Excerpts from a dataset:
#####

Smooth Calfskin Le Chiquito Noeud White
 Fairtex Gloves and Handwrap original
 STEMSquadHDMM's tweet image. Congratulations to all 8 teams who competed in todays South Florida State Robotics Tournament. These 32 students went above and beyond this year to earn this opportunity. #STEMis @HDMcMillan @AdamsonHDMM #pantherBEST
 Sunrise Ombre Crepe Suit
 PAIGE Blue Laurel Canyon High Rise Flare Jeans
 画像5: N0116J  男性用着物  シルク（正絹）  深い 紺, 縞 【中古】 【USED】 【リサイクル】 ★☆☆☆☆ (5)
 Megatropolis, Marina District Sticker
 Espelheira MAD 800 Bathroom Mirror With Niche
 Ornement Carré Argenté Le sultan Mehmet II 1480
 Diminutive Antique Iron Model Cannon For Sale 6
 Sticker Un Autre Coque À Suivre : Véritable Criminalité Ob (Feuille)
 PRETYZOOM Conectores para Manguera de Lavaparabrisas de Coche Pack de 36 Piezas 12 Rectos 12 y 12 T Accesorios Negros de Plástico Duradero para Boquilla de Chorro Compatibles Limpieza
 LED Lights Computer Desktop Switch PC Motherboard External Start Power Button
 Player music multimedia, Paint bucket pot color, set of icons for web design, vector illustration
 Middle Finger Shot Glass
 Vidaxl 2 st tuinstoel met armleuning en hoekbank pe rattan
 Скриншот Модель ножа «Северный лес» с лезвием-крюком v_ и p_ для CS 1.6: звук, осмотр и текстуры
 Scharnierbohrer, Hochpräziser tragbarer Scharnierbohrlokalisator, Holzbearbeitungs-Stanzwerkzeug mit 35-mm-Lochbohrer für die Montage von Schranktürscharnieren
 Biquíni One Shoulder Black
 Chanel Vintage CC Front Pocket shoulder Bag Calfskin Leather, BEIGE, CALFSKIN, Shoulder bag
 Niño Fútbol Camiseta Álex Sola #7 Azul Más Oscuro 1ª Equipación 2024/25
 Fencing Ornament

#####

Task prompt: Only an exact copy of all the data will do as the answer.

Result below:
Smooth Calfskin Le Chiquito Noeud White
 Fairtex Gloves and Handwrap original
 STEMSquadHDMM's tweet image. Congratulations to all 8 teams who competed in todays South Florida State Robotics Tournament. These 32 students went above and beyond this year to earn this opportunity. #STEMis @HDMcMillan @AdamsonHDMM #pantherBEST
 Sunrise Ombre Crepe Suit
 PAIGE Blue Laurel Canyon High Rise Flare Jeans
 画像5: N0116J  男性用着物  シルク（正絹）  深い 紺, 縞 【中古】 【USED】 【リサイクル】 ★☆☆☆☆ (5)
 Megatropolis, Marina District Sticker
 Espelheira MAD 800 Bathroom Mirror With Niche
 Ornement Carré Argenté Le sultan Mehmet II 1480
 Diminutive Antique Iron Model Cannon For Sale 6
 Sticker Un Autre Coque À Suivre : Véritable Criminalité Ob (Feuille)
 PRETYZOOM Conectores para Manguera de Lavaparabrisas de Coche Pack de 36 Piezas 12 Rectos 12 y 12 T Accesorios Negros de Plástico Duradero para Boquilla de Chorro Compatibles Limpieza
 LED Lights Computer Desktop Switch PC Motherboard External Start Power Button
 Player music multimedia, Paint bucket pot color, set of icons for web design, vector illustration
 Middle Finger Shot Glass
 Vidaxl 2 st tuinstoel met armleuning en hoekbank pe rattan
 Скриншот Модель ножа «Северный лес» с лезвием-крюком v_ и p_ для CS 1.6: звук, осмотр и текстуры
 Scharnierbohrer, Hochpräziser tragbarer Scharnierbohrlokalisator, Holzbearbeitungs-Stanzwerkzeug mit 35-mm-Lochbohrer für die Montage von Schranktürscharnieren
 Biquíni One Shoulder Black
 Chanel Vintage CC Front Pocket shoulder Bag Calfskin Leather, BEIGE, CALFSKIN, Shoulder bag
 Niño Fútbol Camiseta Álex Sola #7 Azul Más Oscuro 1ª Equipación 2024/25
 Fencing Ornament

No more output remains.